Sunday, January 22, 2012

"Suffering Is the Thread" -- For Philadelphia and Beyond, Chaput's Keys to Life

Prominent as he's become over recent years, Philadelphia's ninth archbishop didn't exactly make his name on rebuilding broken dioceses.

Thanks to a strength of character and conviction shown on the wider scene, however, that's just the mandate Charles Chaput has been given to face in his charge of four months, where early January's recommendations by a Blue Ribbon panel for the closing and consolidation of 49 Catholic schools -- a third of them now under appeal -- are merely the first of several hurdles awaiting on the home-front over the coming year and beyond.

As previously noted, the pile of towering challenges -- among them the "hostile" fallout of the schools plan and a looming shake-up of parishes, the ongoing limbo of 21 suspended priests whose fates will soon be decided, a dire financial picture only beginning to come to light, at least seven abuse-related civil suits, and the March criminal trial of four current and former clerics charged with abuse and cover-up in the wake of a second grand jury, all of it underscoring the need for a wholesale renewal of an ecclesial culture -- is considered in church circles to be the most difficult plate an American bishop has been handed in the last half-century, and quite possibly even longer.

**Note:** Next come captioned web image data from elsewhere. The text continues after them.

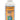 Earthbath 3 in 1 Deodorizing Spritz - Vanilla Almond Scent with Skin & Coat Conditioners 8oz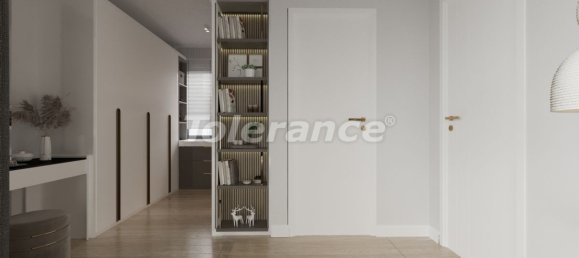 Villa 4+1 in Belek, Turkey No. 17199 9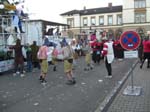 Fasnacht2008_12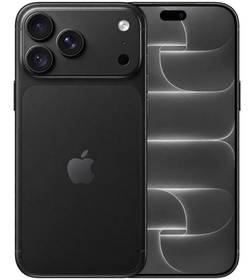 Apple iPhone 18 Pro Max 2TB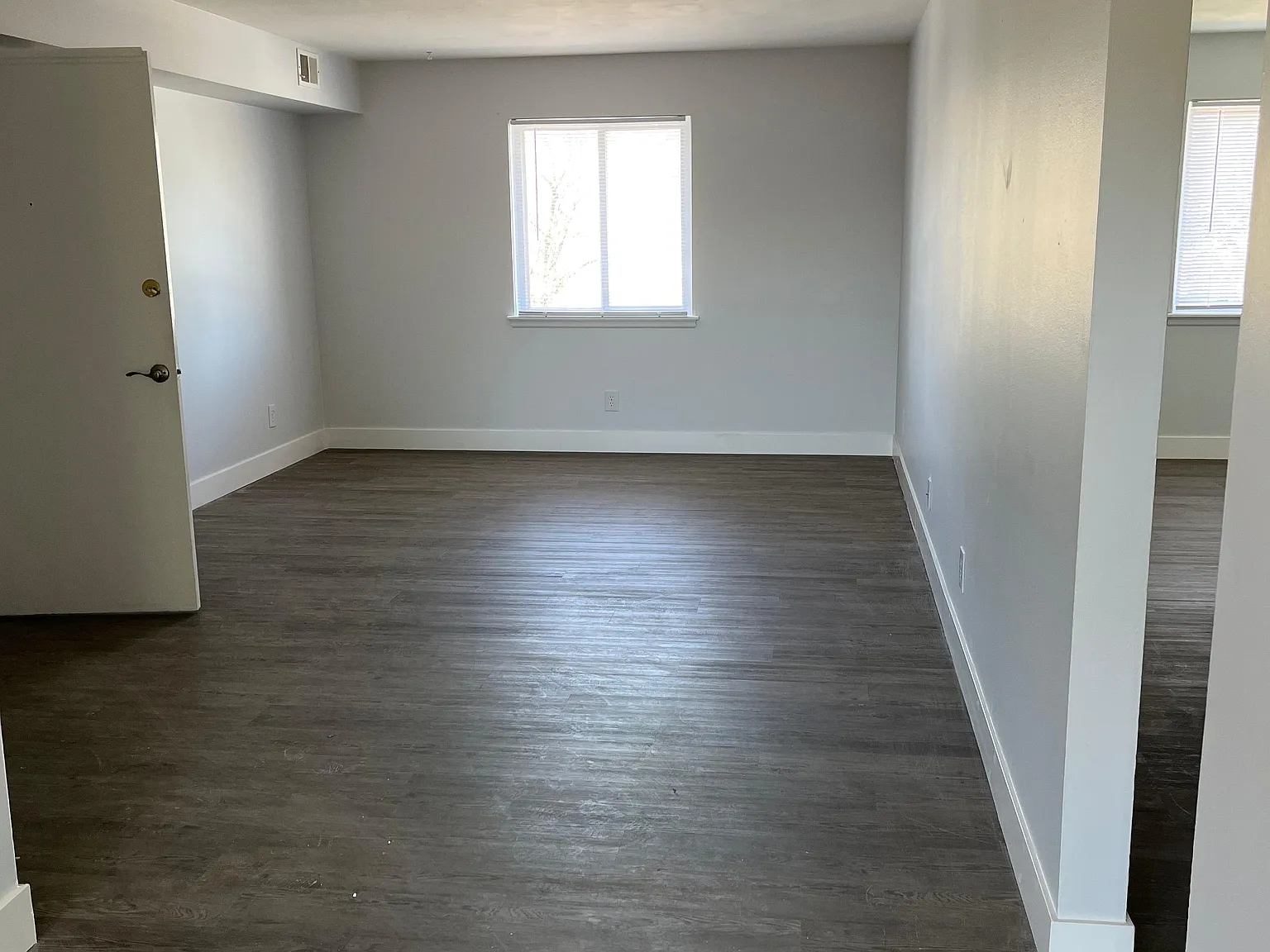 Covington Place — Photo 3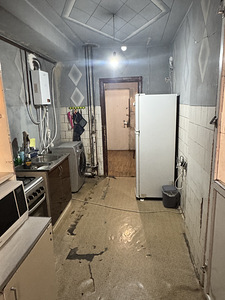 2 սենյականոց բնակարան Մեծամորում (7 լուսանկար / 9)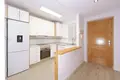 Apartamento 2 habitaciones 80 m² Fuengirola, Španjolska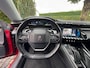 Peugeot 508 1.6 HYbrid Blue Lease Allure Avantage Leder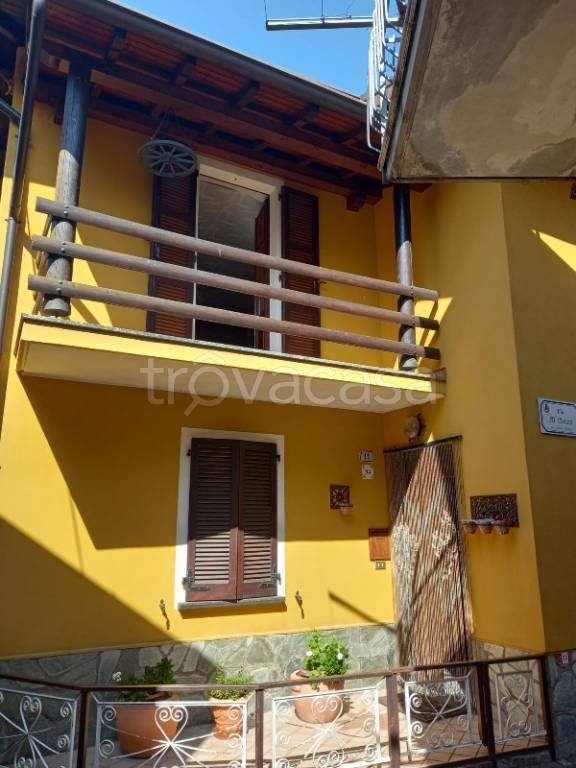 immagine annuncio 9 di 15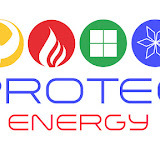 PROTEC ENERGY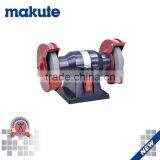 Makute 250w 250w Electric Bench Grinder/Bench Tools thumbnail-1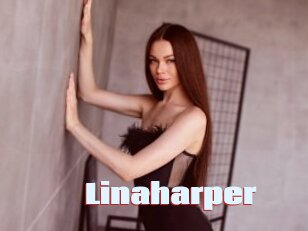 Linaharper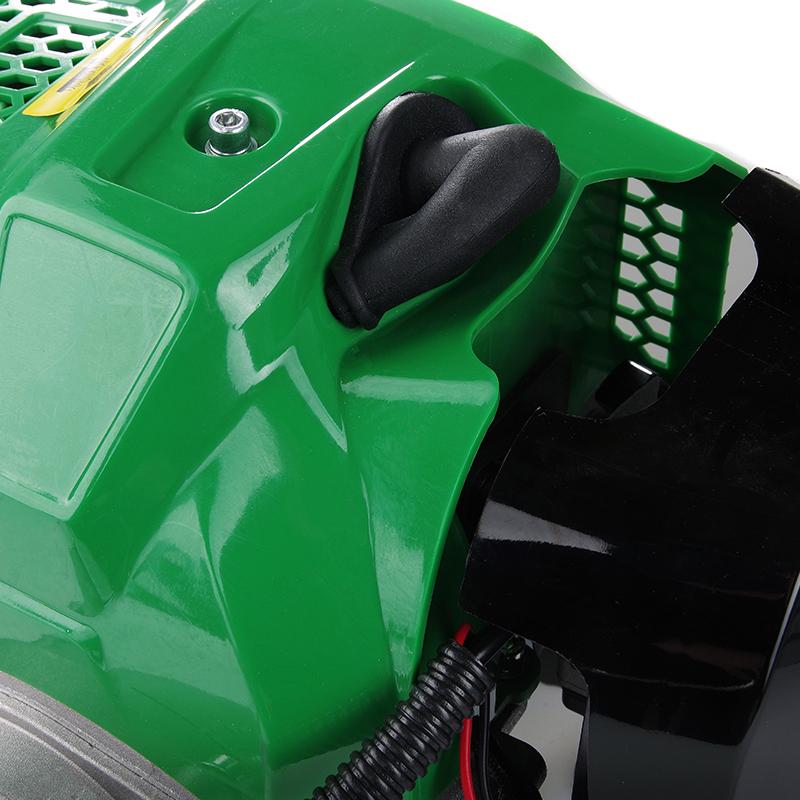 Тример бензиновый Apro ВТ 2000 (899120) - фото 3 Тример бензиновый Apro ВТ 2000 (899120) - фото 3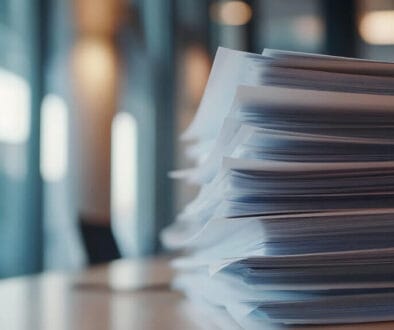 Demand Letters Demand Letters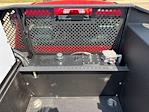 New 2024 Chevrolet Silverado 5500 Regular Cab 4WD 11' Reading with Crane for sale #9CC25604 - photo 20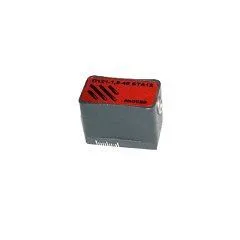 П121-1,8-40-БТА12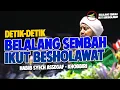 Download Lagu Khobbiri Sekumpul | Habib Syech Live Performance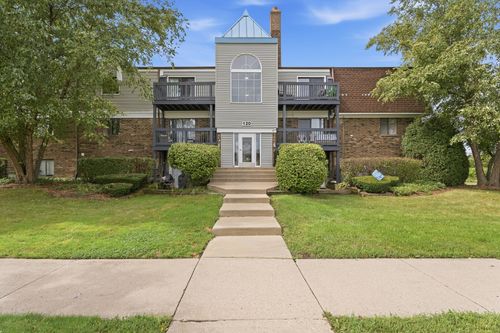 1g-120 S La Londe Avenue, Addison, IL, 60101 | Card Image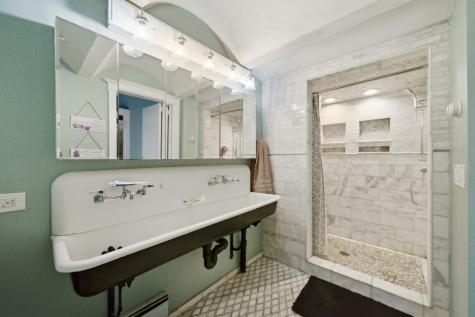 117 South Lombard Avenue Oak Park IL 60302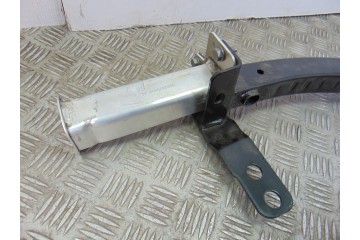 9825586980  PUNTA CHASIS DELANTERA DS 3 CROSSBACK Performance Line 9825586980 196735 DS - 2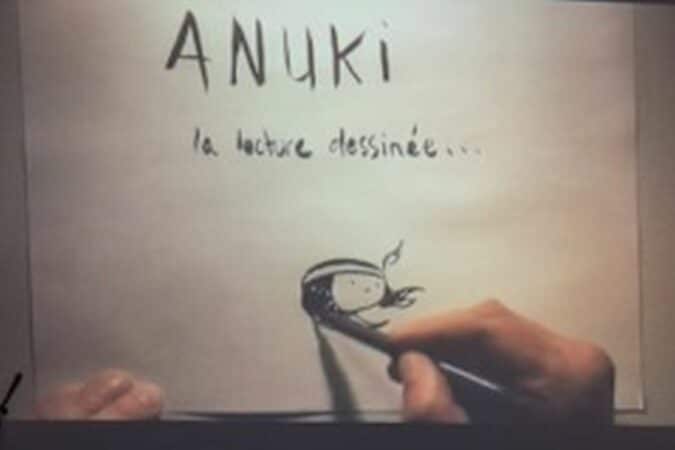 Pensez à réserver !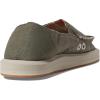 imageSanuk Donna Soft Top HempSmokey Olive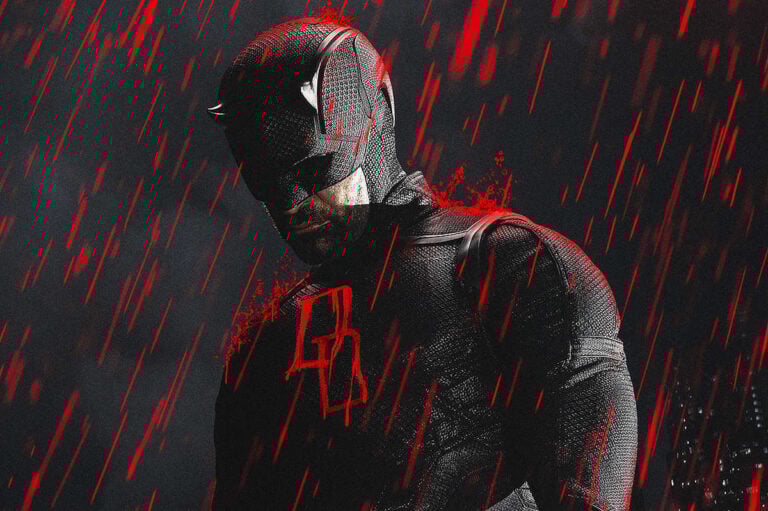 Disney+ and Hulu March 2026 Schedules Announced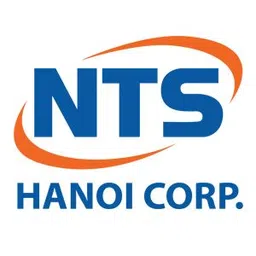 Nam Trường Sơn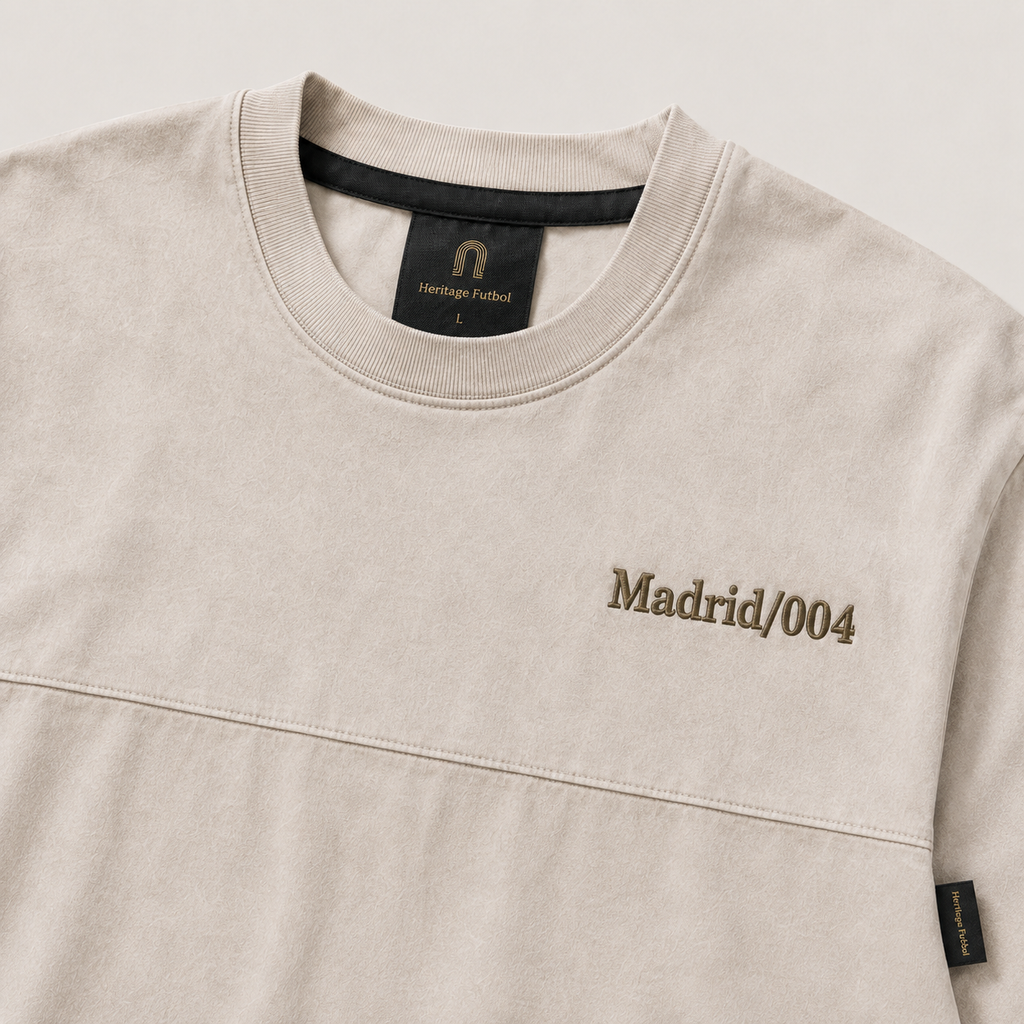 MADRID/004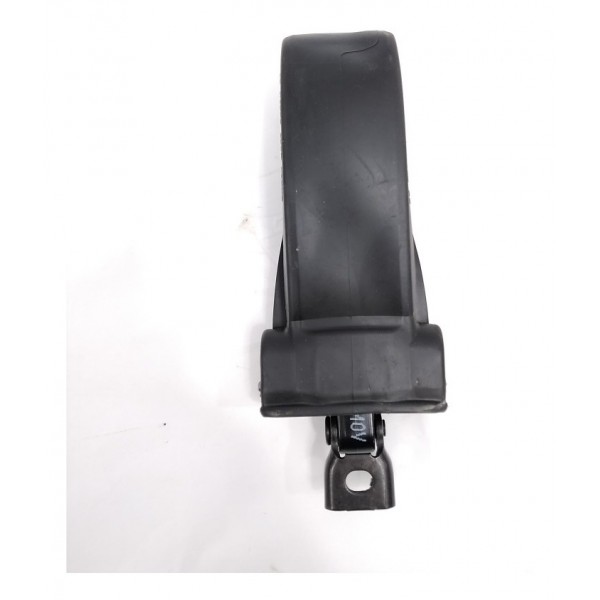 Limitador Porta Dianteira Direita Audi Q7 2019
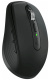 фото Мышь wireless Logitech MX ANYWHERE 3S в Санкт-Петербургe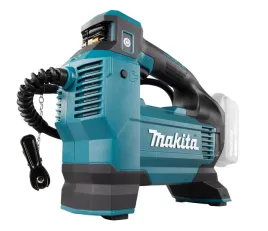 makita-aku-mini-kompresor-samochodowy-dmp181z-18v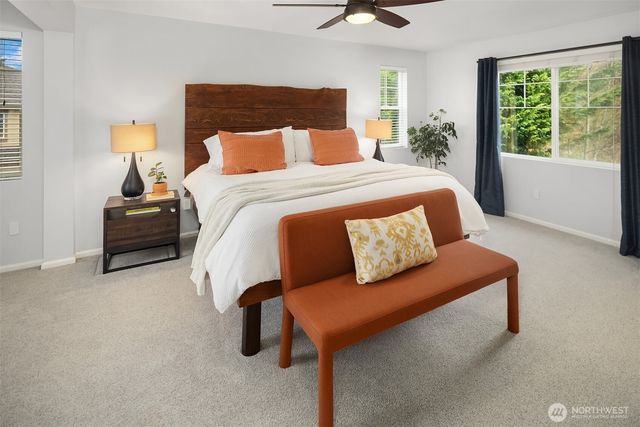 36324 SE Isley Street, Snoqualmie, WA 98065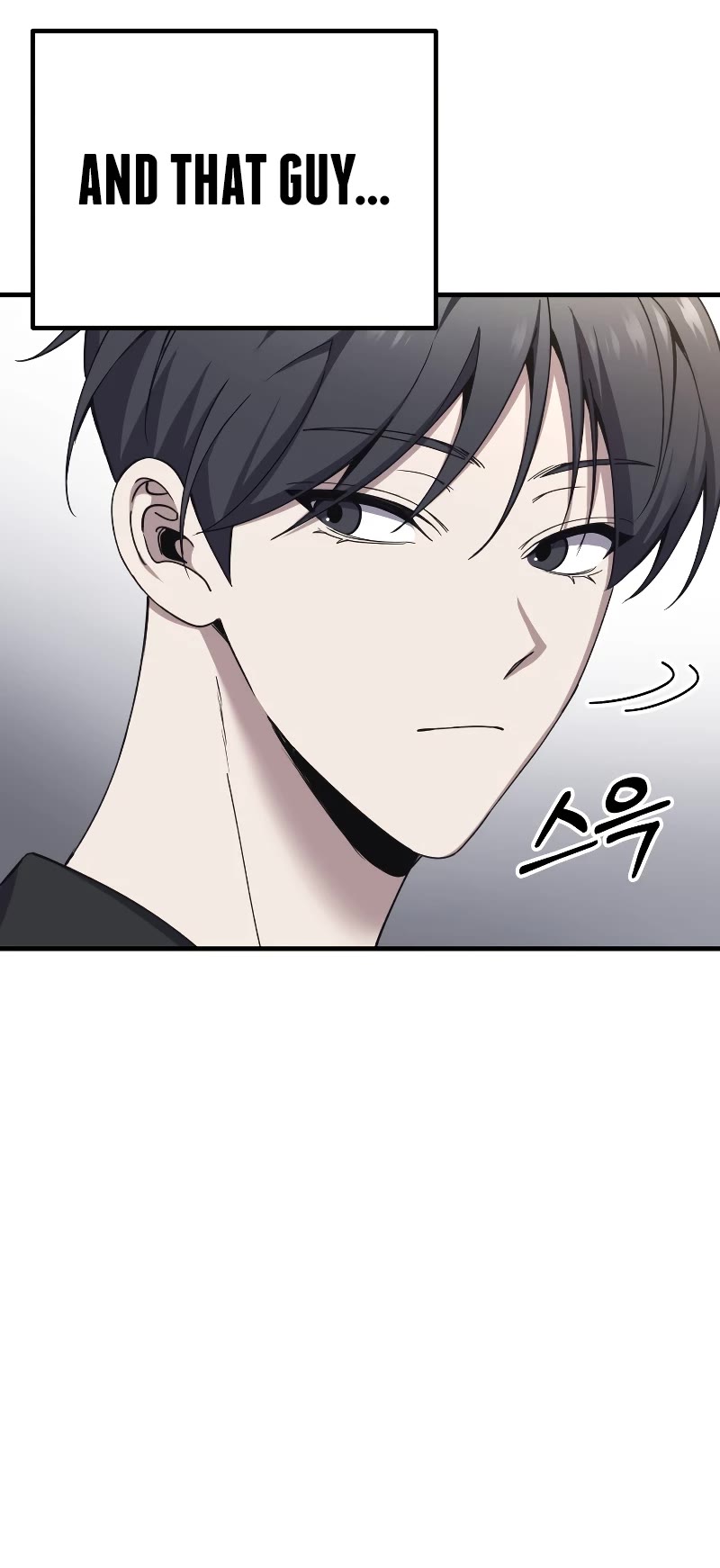 Poison-Eating Healer Chapter 26 page 48 - Chapter 26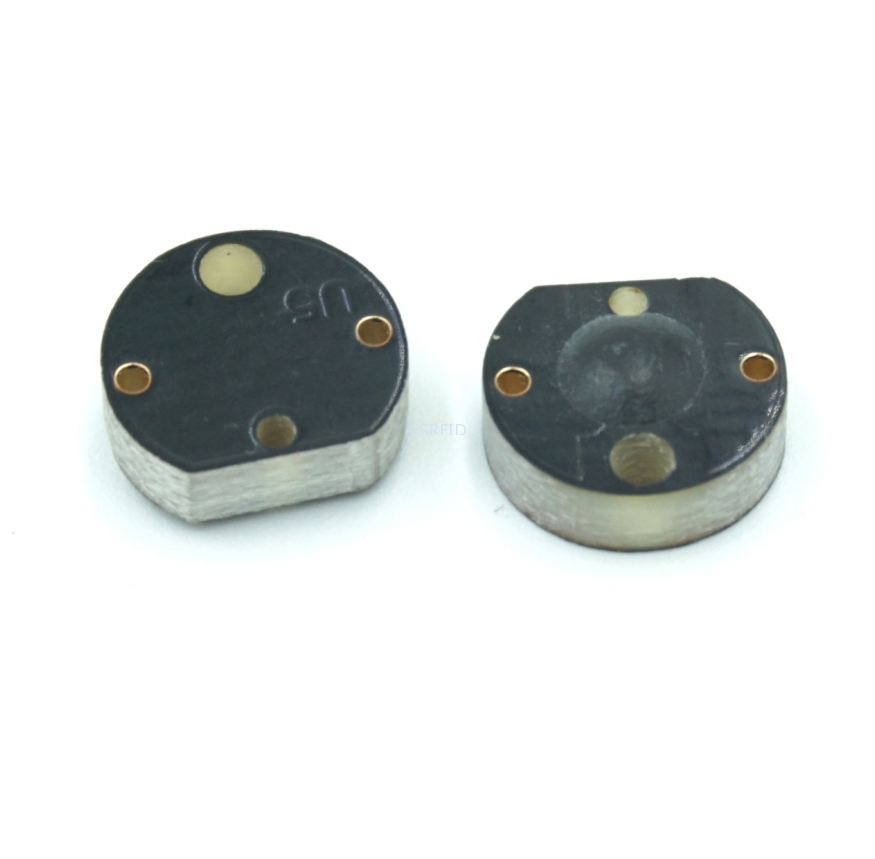 超高频UHF PCB抗金属RFID电子标签1009U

To address it all, in his longest taped sit-down to date with local media, six months since his appointment -- and with the Cardinal's Residence already on the market -- Chaput laid out the scene early this morning on the River City's CBS affiliate:


Money quote, Phils fans: "We have to get over thinking it's always going to be the way it was."

And in this most change-resistant of places, on a Sunday whose readings spoke of "the world in its present form passing away," but heralding a new one in which "the time of fulfillment" has come and "the kingdom of God is at hand," you couldn't ask for a keener echo to today... and, indeed, the difficult, yet very promising, road ahead.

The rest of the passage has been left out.